There is a good chance that the white marks are powdery, like talc, with no flakiness or damage to the leaf underneath. However, fluffy white specks may also appear on the surface of your growing medium.
To remove white mold from your Calathea, wash the leaves and stems.
Next, clean the growing medium to remove any mold that has grown on top of it. The first inch or two may require replacement. Adding a few tablespoons of cinnamon on top will stop it from growing back.
Gray mold (Botrytis)
Though it is more commonly associated with rotting strawberries, botrytis will happily nibble away at the delicate parts of Calatheas as well.
It’s a sign of botrytis if your young leaves develop long lesions covered in gray fuzzy patches with an almost velvety surface.
Botrytis should not be taken lightly. Remove any diseased leaves and toss them in the garbage as soon as possible. Use a robust copper-based fungicide and always follow the manufacturer’s instructions when applying the treatment. (Check out the prices on Amazon here)
Nitrogen Deficiency Cause White Patches on Leaves
Your Calathea, like all plants, needs a consistent supply of nitrogen to produce strong, healthy leaves. In the absence of adequate fertilization, the leaves become weak and brittle. Often, they are left with patches of white.
Treating nitrogen deficiency if the Calathea has a weak overall condition and the white areas on the leaves appear faded or washed out.
You can use an all-purpose liquid fertilizer to supplement your watering schedule. But, when it comes to Calatheas, it pays to be frugal.

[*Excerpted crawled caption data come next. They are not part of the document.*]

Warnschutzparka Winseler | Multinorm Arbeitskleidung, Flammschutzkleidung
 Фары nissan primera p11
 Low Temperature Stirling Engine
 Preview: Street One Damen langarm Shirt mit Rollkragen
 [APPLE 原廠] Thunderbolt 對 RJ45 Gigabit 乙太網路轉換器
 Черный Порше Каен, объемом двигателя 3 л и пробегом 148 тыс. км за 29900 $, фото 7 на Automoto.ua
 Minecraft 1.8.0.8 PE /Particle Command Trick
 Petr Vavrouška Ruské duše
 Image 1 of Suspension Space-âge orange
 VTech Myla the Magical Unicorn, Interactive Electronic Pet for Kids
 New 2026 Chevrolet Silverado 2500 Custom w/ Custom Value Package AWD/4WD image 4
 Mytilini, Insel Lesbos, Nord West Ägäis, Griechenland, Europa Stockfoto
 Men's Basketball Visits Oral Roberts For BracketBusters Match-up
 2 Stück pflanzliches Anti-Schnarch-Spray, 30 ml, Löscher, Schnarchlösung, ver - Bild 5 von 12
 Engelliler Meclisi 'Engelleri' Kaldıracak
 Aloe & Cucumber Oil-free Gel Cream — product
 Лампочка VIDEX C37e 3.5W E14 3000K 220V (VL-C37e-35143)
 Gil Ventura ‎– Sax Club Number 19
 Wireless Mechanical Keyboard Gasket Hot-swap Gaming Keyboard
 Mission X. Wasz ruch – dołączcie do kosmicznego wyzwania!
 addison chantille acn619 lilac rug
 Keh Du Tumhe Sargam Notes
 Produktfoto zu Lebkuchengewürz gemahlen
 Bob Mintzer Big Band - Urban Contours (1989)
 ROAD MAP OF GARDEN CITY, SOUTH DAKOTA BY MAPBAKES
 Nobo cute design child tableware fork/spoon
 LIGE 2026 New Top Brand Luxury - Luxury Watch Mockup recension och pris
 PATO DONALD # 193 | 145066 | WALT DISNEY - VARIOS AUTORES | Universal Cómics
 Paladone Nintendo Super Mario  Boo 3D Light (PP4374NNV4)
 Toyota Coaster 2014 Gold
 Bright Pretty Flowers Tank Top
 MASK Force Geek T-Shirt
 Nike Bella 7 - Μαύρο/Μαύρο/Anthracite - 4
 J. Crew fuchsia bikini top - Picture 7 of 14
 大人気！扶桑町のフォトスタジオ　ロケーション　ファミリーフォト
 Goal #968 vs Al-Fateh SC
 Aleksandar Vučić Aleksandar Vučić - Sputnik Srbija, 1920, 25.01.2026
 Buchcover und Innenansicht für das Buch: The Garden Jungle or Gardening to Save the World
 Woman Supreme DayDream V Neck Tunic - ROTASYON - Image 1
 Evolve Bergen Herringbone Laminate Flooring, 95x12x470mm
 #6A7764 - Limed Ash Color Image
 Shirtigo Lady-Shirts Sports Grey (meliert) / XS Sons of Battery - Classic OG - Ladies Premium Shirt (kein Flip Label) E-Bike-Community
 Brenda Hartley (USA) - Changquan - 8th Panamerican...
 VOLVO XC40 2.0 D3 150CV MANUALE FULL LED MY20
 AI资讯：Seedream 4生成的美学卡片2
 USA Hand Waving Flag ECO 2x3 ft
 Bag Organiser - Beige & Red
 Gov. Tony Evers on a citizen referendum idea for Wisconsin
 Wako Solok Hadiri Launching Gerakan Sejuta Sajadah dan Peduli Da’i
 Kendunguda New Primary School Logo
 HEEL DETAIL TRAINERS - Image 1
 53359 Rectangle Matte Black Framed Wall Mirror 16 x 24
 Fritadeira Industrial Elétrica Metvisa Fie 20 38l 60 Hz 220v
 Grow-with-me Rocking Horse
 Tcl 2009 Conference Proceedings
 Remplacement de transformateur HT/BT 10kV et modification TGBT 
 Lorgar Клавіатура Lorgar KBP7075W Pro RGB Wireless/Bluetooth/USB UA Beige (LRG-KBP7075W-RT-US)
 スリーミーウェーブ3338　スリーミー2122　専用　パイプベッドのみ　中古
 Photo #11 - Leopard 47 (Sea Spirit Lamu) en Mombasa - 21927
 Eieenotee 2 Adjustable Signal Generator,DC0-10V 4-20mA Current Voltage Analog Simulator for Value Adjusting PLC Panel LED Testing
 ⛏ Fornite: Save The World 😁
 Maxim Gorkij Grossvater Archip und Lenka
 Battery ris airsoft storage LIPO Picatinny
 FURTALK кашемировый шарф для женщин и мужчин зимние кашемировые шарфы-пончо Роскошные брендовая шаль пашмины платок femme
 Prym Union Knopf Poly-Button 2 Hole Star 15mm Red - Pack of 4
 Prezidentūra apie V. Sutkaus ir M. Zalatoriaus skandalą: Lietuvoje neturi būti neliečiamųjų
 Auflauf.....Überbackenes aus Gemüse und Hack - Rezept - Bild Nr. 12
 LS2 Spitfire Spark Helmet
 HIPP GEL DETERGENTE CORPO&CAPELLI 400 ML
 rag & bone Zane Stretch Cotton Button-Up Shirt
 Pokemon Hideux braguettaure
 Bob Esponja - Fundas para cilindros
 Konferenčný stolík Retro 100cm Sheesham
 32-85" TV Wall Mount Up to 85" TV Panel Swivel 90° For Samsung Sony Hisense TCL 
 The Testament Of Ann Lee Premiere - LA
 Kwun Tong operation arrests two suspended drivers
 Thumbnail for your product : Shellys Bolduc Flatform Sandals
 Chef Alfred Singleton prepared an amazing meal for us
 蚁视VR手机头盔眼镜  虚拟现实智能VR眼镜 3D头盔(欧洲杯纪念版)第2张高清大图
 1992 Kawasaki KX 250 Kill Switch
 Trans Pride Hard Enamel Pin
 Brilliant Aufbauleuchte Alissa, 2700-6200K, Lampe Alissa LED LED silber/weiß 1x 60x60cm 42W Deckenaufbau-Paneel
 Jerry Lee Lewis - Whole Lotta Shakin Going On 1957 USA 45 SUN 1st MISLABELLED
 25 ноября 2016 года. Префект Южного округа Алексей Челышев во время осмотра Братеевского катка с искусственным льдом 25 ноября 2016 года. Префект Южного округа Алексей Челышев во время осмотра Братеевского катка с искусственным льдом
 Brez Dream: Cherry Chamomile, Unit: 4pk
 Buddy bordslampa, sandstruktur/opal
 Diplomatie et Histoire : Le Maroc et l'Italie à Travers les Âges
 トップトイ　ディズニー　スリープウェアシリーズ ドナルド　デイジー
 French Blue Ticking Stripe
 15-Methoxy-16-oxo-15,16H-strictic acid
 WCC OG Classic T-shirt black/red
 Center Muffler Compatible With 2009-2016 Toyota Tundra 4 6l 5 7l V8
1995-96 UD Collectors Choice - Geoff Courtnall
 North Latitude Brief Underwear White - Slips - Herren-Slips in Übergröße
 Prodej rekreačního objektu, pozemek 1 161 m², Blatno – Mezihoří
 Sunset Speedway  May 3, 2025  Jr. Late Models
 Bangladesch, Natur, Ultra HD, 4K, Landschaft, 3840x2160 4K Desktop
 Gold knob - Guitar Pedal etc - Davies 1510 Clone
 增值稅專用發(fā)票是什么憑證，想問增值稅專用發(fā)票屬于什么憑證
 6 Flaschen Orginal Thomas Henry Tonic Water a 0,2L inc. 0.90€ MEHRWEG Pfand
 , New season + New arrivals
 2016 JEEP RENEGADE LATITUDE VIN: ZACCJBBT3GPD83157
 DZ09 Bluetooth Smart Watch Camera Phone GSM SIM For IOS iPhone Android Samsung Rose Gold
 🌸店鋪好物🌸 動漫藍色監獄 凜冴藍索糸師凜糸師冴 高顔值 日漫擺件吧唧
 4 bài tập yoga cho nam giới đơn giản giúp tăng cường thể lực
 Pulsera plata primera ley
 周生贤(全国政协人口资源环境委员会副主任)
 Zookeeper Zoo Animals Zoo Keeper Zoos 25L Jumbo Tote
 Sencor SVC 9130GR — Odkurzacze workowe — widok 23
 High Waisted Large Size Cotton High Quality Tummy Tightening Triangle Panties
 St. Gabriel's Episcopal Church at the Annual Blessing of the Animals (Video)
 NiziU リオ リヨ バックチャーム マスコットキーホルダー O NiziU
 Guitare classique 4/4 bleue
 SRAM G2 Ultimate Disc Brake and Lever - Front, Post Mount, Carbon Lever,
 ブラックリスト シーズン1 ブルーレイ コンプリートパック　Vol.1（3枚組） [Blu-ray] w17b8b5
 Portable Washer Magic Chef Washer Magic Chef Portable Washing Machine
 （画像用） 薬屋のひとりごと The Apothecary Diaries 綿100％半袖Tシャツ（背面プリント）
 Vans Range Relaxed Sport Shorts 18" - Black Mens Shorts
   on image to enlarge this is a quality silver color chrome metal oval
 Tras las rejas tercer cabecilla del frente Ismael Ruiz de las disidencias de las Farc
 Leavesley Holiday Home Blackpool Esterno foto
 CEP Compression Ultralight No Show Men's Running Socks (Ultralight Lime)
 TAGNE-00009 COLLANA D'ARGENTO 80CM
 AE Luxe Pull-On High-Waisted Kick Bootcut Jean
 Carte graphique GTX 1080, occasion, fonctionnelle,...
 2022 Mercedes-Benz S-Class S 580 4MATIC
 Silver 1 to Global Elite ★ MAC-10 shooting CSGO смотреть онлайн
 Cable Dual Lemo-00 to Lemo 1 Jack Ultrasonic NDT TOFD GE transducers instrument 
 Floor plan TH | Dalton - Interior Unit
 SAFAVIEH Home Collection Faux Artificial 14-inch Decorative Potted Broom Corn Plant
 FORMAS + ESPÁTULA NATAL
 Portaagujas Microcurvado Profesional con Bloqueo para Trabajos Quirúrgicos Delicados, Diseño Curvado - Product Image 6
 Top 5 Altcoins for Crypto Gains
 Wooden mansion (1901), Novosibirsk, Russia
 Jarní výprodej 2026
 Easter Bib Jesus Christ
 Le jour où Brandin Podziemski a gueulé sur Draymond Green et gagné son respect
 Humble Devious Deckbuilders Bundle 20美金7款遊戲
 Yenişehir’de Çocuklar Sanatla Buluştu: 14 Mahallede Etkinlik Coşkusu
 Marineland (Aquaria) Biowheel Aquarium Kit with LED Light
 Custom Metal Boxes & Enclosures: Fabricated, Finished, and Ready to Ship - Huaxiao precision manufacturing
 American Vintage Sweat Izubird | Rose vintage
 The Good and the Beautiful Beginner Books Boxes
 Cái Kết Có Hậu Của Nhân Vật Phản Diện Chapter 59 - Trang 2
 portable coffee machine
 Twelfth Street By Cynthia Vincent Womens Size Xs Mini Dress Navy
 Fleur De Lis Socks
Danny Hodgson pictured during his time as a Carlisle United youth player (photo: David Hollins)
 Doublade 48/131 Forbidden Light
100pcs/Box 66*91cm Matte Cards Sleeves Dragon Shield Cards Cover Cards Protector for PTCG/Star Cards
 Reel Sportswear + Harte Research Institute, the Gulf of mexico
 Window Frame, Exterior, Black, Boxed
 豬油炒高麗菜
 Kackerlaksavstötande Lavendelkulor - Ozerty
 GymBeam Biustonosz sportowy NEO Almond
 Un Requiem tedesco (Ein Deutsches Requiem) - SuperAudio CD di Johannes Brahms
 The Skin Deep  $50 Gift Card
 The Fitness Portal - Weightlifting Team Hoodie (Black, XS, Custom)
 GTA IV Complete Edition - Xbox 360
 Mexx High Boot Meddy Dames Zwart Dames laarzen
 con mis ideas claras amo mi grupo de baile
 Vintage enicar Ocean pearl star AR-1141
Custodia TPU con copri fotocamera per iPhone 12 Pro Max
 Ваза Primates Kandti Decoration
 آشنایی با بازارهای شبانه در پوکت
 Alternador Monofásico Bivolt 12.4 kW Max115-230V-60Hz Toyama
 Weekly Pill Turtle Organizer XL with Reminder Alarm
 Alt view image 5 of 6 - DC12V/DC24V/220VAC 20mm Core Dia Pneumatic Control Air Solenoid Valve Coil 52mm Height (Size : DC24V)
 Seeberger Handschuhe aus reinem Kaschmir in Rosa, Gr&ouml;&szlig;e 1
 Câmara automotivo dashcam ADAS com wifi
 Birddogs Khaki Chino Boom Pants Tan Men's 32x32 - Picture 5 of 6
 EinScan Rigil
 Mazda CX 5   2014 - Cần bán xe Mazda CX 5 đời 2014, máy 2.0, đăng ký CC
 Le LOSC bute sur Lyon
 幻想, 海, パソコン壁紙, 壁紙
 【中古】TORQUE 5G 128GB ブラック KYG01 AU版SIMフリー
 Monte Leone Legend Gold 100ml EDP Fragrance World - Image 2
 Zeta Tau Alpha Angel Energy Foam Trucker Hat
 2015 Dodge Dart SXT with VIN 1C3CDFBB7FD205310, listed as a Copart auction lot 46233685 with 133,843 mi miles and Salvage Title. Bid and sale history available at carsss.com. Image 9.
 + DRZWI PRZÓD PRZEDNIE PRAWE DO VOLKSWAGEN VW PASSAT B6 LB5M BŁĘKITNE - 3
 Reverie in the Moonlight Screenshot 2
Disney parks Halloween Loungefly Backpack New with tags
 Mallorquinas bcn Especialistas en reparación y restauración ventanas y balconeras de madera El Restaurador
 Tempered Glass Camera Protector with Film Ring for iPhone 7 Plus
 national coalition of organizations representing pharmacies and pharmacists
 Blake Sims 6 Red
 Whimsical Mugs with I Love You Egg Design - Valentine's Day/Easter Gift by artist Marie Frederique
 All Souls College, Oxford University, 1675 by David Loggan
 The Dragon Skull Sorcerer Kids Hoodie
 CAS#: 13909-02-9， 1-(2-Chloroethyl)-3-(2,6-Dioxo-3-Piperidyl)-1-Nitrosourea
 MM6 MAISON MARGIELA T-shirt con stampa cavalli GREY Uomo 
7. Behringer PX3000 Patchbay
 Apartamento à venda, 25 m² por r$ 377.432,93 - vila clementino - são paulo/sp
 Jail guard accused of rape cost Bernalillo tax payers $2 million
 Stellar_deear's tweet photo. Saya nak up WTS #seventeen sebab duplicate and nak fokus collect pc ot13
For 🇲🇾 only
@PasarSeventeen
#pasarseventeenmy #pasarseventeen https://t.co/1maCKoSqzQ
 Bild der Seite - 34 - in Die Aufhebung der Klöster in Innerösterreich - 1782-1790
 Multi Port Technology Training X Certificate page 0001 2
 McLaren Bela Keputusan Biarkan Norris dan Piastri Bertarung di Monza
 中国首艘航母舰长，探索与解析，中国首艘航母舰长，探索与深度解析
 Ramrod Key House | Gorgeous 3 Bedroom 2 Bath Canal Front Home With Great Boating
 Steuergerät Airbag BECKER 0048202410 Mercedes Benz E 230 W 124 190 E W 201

Those pale feeble leaves shouldn’t take long to perk up and start showing their charismatic best because they don’t require much.
Sunburn Cause the Leaves to Appear White
In the shadows of the rainforest floor, Calatheas are perfectly adapted, and direct sunlight burns their delicate foliage.
The pigments in the leaves are annihilated by powerful ultraviolet radiation from the sun. This causes the leaf to appear white at first, but the color fades and becomes dry and brown as it ages.
You may have sunburned your Calathea if your white spots are wide and mostly appear on the leaves facing your light source.
Relocate the Calathea to a less sun-drenched area of your growing space. Bright, indirect light is all that’s needed for these dazzling beauties.
I usually leave sun-damaged leaves in place. As long as they have at least half of their color, the leaf gives your Calathea food. But if you can’t bear to look at them, you can remove them from the plant without harming it.
Edema Makes the Leaf Appear Blistered
A humid and wet environment is a natural habitat for Calathea. Guttation is a natural response to excess moisture in healthy plants. Still, edema can occur if a plant is overworked or poorly supported.
Excess water accumulates in the leaves and stems of the plant. As a result, affected tissue may appear blistered, then dry out, leaving pale, flaky areas. To the touch, the stems and stalks become corky or springy.
To begin with, stop watering! In over-watered plants, edema is a common side effect, especially if the growing medium is not free-draining.
Make sure you don’t get this one wrong because Calatheas are notoriously picky about their watering schedules!
Depending on the plant’s age, pot size, and season, I prefer to use a meter to check the root moisture level.
Re-potting may be necessary if water levels are constantly fluctuating. Peat moss and perlite should be added to a standard organic mix.
The moss keeps the Calatheas’ delicate moisture level in check, while the perlite provides the necessary drainage.